If a charity, community project, club, etc. is not registered as a limited company, then the people running it (typically the management committee, etc.) can be made personally liable for its unpaid debts. This can be a real risk. Some charities, community groups, sports clubs, etc. can be substantial enterprises, with liabilities that cannot easily be turned off. They may have leasehold premises, employ people, have equipment on finance contracts, etc. If the income does not meet these outgoings, the organisation may become insolvent, and the people running it (though not usually the members at large who are not on the committee) can be made personally liable for the shortfall. This can happen because of unforeseen and unfortunate circumstances, such as the sudden withdrawal of financial support from a body such as the local authority.
With a limited company, on the other hand, the company itself is a separate legal entity and it, not the people who own or run it, is liable for its debts. In a company limited by shares, the shareholders' liability is limited to the amount the shareholder has agreed to pay for his or her shares. In a company limited by guarantee, the liability is limited to the amount of the guarantee set out in the company's articles, which is typically just £1.
In both a company limited by shares and one limited by guarantee, the people running the company (the directors) will only incur any personal liability for the company's debts if they have been guilty of some wrongdoing, such as wrongful or fraudulent trading. Click here for more information on directors' liabilities.
A company limited by guarantee is much like an ordinary private company limited by shares. It is registered at Companies House, must register its accounts and an annual return each year, has directors, etc. A major difference is that it does not have a share capital or any shareholders, but members who control it. This is explained more fully below.
In a company limited by guarantee, there are no shareholders, but the company must have one or more members. Subject to any special provisions in the company's articles, the members will be entitled to attend general meetings and vote, and in most company's that means they can appoint and remove the directors, and have ultimate control over the company. Many clubs operate on this basis. The members meet at the Annual General Meeting and elect a committee to manage the club on their behalf, and subject to the rules in the club's constitution. If the club is a company, the same rules will apply and will be set out in the company's articles. By and large, the company law provisions relating to general meetings, resolutions, etc. in ordinary share companies apply to companies limited by guarantee.
Just as in a company limited by shares there may be different classes of shares, it is possible to have different classes of members in a guarantee company. There may be non-voting members, for example, or members who have restricted rights in some other way. In a sports club, for example, there may be junior members (those under a certain age) who cannot vote, or social members, who pay a lower subscription but cannot use the sports facilities.
A company limited by guarantee, as a private company, must have at least one director. Most guarantee companies have several. The directors may be given some other title, such a committee, management committee, board of managers, trustees, governors, etc. Whatever title they may be given, if they are in day to day control of the company they are in law directors of that company. Their powers will depend on the terms of that particular company's articles, but typically they are given very wide powers of management. Just as in a company limited by shares, these powers are conferred on the directors collectively, when they are sitting as a board and passing resolutions for the management of the company. They may, of course, set up sub-committees, etc and delegate powers to them, and may give particular directors special responsibilities, such as treasurer, membership secretary, etc.
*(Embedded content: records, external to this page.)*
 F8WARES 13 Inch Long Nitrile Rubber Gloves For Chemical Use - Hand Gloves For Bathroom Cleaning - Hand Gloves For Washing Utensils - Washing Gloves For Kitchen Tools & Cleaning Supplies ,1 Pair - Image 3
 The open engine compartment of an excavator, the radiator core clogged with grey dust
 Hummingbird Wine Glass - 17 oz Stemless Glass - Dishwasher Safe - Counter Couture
In some companies, some or even all the directors may be appointed by one or more outside bodies, such as charities or local authorities who are backing the project. Some directors may be elected by particular interest groups.
The fact that a company limited by guarantee cannot (now) have a share capital limits its fund-raising capacity, simply because it cannot issue shares to those who back it and join it. For this reason, some projects that are not essentially profit-motivated are set up as companies limited by shares. An alternative structure would be a Community Interest Company limited by shares.
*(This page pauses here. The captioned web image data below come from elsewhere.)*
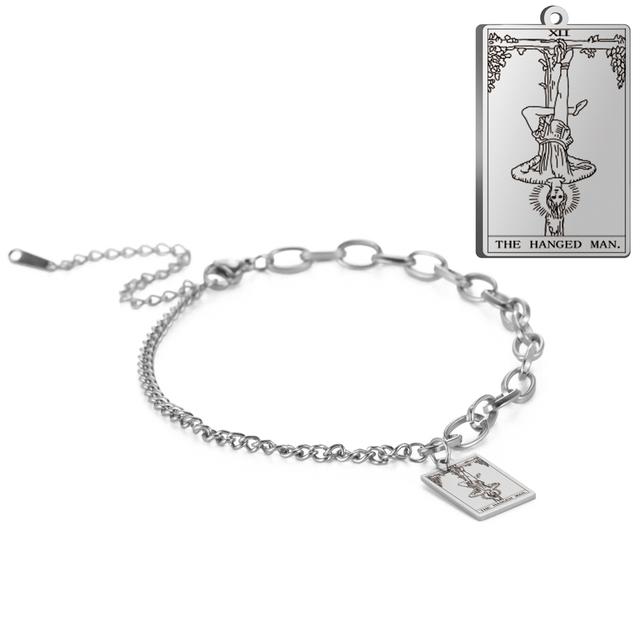 Engraved Tarot Card Bracelet - Stainless Steel Major Arcana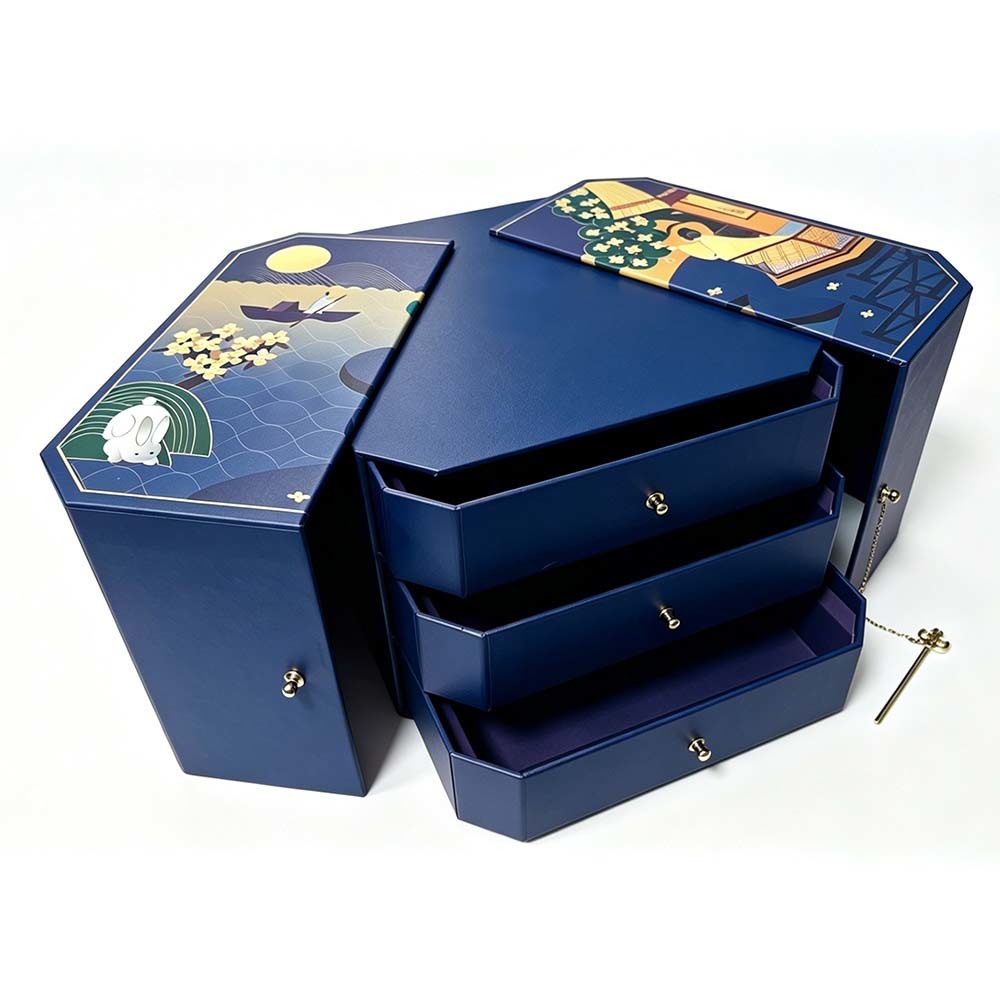 Octagonal Gatefold Custom Gift Box with Multi Layer Drawers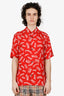 Louis Vuitton Red Silk City Logo Printed Hawaiian Shirt Size S Mens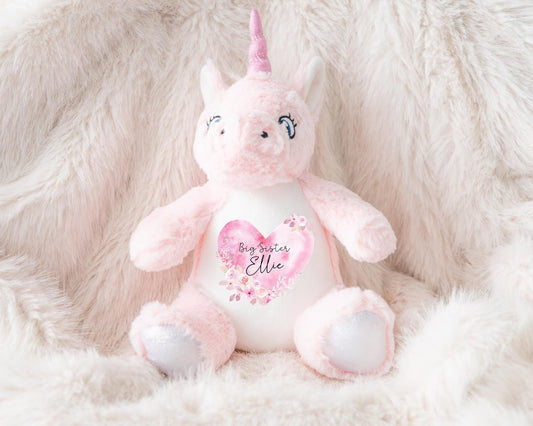 Sisters Unicorn Personalised Soft Toy Big Little Sis Girls New Baby Gift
Many companies limited by guarantee raise their funds by levying subscriptions and/or a joining fee. A guarantee company can also borrow money and may issue debentures or debenture (loan) stock.
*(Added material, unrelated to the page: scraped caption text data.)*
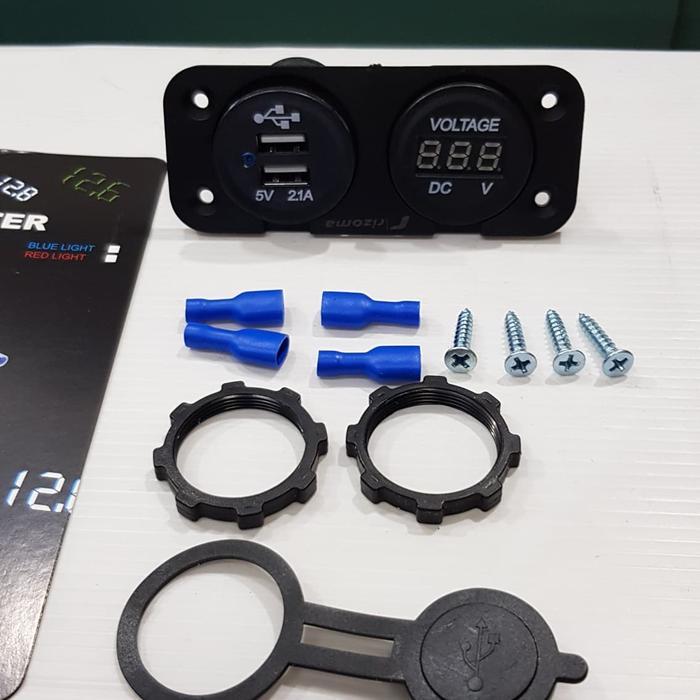 CHARGER CAS HP MOTOR USB + VOLTMETER NMAX VARIO 125 150 VIXION LEXI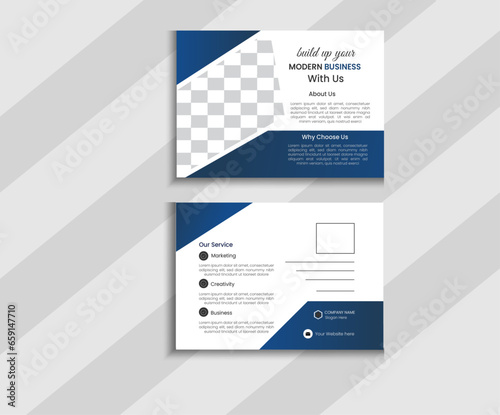 Corporate business or marketing agency postcard template with two colors
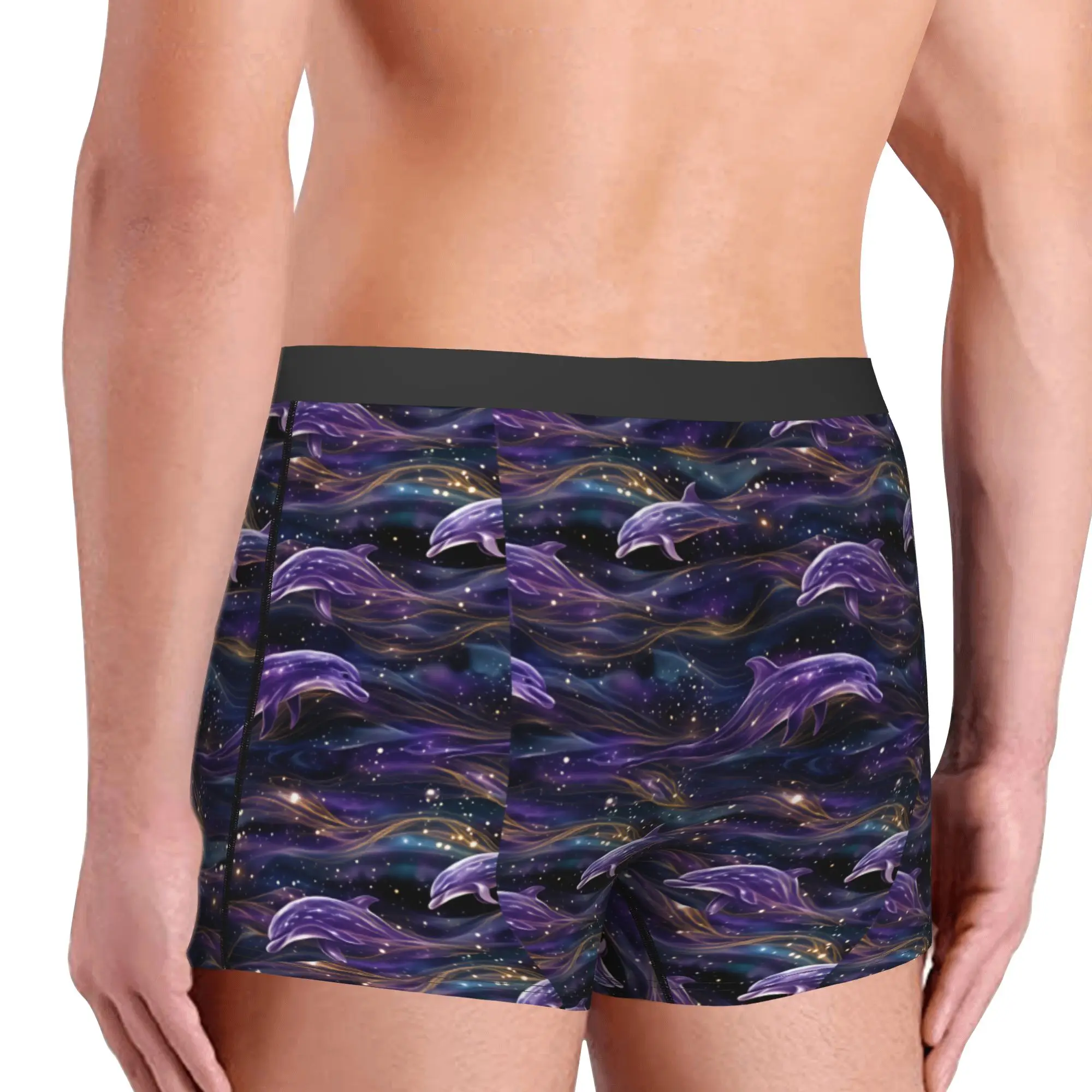 Purple Dolphins in a Gold Glitter Ocean  Boxers Shorts Men's  Briefs Underwear Novelty Underpants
As there are no shareholders, it is not possible to own a company limited by guarantee in the way that a company with a share capital is owned by its shareholders. The members of the guarantee company control it, in the same way as a club is controlled by its members, but they do not have any shares or other security in the company that they can sell to another.
'Not for profit' companies limited by guarantee
A company limited by guarantee is not prohibited from distributing its profits by the Companies Act or any other law, but it is commonplace for restrictions to be put on profit distribution in the company's articles. Such restrictions will usually apply both to profits while the company is running and to the distribution of assets (after paying creditors) when the company is wound up. In many cases, but by no means all, these restrictions are reinforced by a prohibition on any payment of salaries or fees to the directors.
Exemption from having 'Limited' at the end of the name
A not for profit company limited by guarantee can be exempted from having the word 'Limited' (or 'Ltd') at the end of its name if it is set up for certain objects. These are the promotion of commerce, art, science, education, religion, charity or any profession. Contact Community Companies for further details.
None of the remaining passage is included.